Anmerkung: Ich halte nichts von dieser Bezeichnung, habe genug Ritalin-Opfer erlebt Schüler, die vom Aspergersyndrom betroffen sind, haben es ebenfalls oftmals schwer und diese Kinder kann man in keinster Weise „voraus berechnen“. Ist in diesen Fällen eine Schulassistenz anwesend (fast wie ein 6er im Lotto), dann kann die Unterrichtsstörung in den meisten Fällen verhindert oder abgemindert werden.
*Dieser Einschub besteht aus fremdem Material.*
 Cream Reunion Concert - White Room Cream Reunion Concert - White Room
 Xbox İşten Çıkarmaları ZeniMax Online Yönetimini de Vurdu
Gelingt dies nicht, haben wir an unserer Schule beispielsweise die Möglichkeit, entsprechende Schüler (aller Kategorien) nach einer Verwarnung in den „Trainingsraum“ zu schicken. Landen die Schüler innerhalb eines bestimmten Zeitraumes dort mehrere Male, wird das Rückkehrerprogramm „eingeläutet“. Es finden intensive Gespräche mit den Eltern, Fachlehrern und ggfs. der Schulsozialarbeiterin statt. Im Trainingsraum bekommen sie Aufgaben, mit deren Hilfe sie ihr Verhalten reflektieren. Das Ergebnis wird mit dem Trainer besprochen und an den entsprechenden Lehrer weitergeleitet. Ist er mit der Aufgabenerledigung einverstanden, unterschreibt er es. So hat man als Lehrer und auch als Klasse die Möglichkeit, den Unterricht in Ruhe fortzusetzen.